ShapeShifting

Ember recently transitioned to using WeakMaps (when available) to store its meta. This meta is used for book keeping, such as is a given object dirty, who is watching a given object, and a location to store other cached information about an object.

Our hope was by moving to WeakMaps we could:

  1. no longer polute objects with __ember_meta__ property
  2. avoid costly Object.defineProperty for non-enumerability
  3. avoid "Shape Changes" associated with adding an additional property to all tracked objects.
  4. Improve Performance

As it turns out 1, 2 have been nicely addressed. Unfortuantely performance isn't much improved, and it seems in some scenarios it may be actualy somewhat negative.

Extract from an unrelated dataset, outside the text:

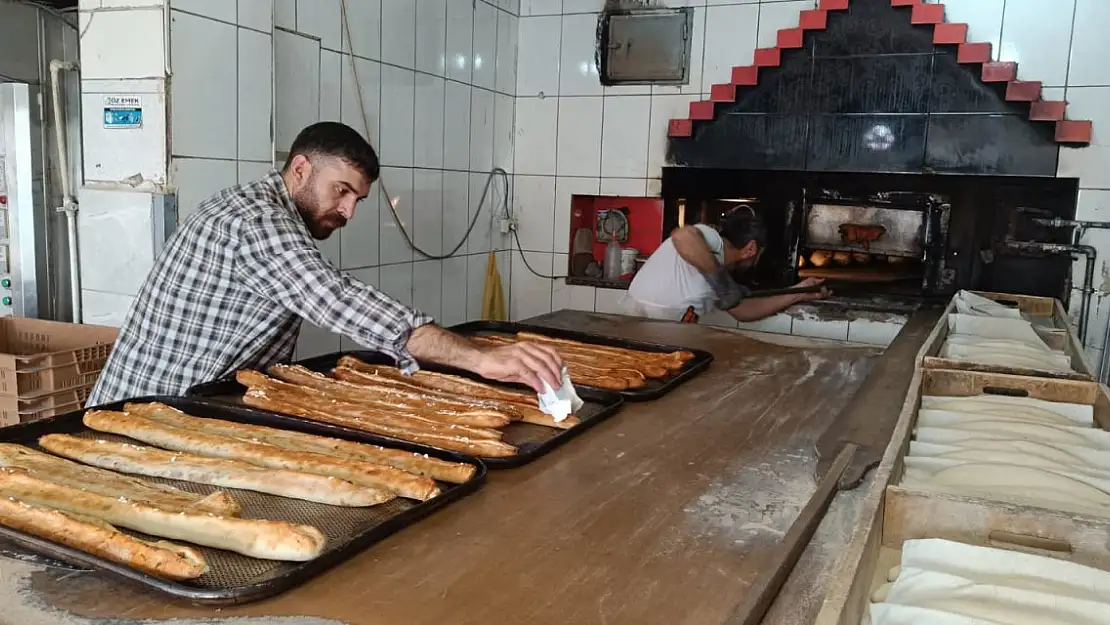 Ağrı'da Fırınlarda Ev Yemekleri Dönemi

The complex list benchmark suggests that as much as 5% of time is spent just in WeakMap land.

After Speaking with @bmeurer, he shared that the V8 team has also seen this, and they have several ideas:

Today in v8 when an object is used as a key in a collection (Set, Map, WeakMap, WeakSet) the object still must add a property to that object to store a unique identifier and doing so causes the objects shape to change.

Given:

// index.js
let set = new WeakSet();
let obj = { };
print('-- set.add(obj) --');
set.add(foo);

Example:

d8_debug --trace-maps index.js

note: d8_debug is an alias to path/to/v8/out/x64.debug/d8 which was built via make native debug on v8@26bc590629

Output

-- set.add(obj) --
[TraceMaps: Transition from= 0x3460b3c032d9 to= 0x3460b3c0f569 name= <hash_code_symbol> ]

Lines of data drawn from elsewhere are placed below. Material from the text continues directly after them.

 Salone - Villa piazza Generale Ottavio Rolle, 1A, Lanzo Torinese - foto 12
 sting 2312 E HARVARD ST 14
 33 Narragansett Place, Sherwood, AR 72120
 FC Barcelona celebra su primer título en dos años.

What we are seeing is obj recieving a new property <has-code-symbol>, which transitions obj into a new shape. Now code "optimized" to work with the old shape of object will be invalid, and require recompile if used with the new shaped ojb.

<has_code_symbol> is the property which contains the hash code used for Map/Set/WeakSet/WeakMap identity, and it set here:

function GetHash(key) {
  var hash = GetExistingHash(key);
  if (IS_UNDEFINED(hash)) {
    hash = (MathRandom() * 0x40000000) | 0;
    if (hash === 0) hash = 1;
    SET_PRIVATE(key, hashCodeSymbol, hash); // <-- adds a property to key (our object)
  }
  return hash;
}
%SetForceInlineFlag(GetHash);

codez in v8:

  1. https://github.com/v8/v8/blob/master/src/js/weak-collection.js#L57
  2. https://github.com/v8/v8/blob/9e5a064197ca3db0ff39bcc04767494ead4aa929/src/js/collection.js#L89
  3. https://github.com/v8/v8/blob/9e5a064197ca3db0ff39bcc04767494ead4aa929/src/js/collection.js#L107
  4. https://github.com/v8/v8/blob/9e5a064197ca3db0ff39bcc04767494ead4aa929/src/js/collection.js#L112 <-- mutates

Although objects all do have a unique pointer, the pointer itself may change do to the garbage collector moving things around.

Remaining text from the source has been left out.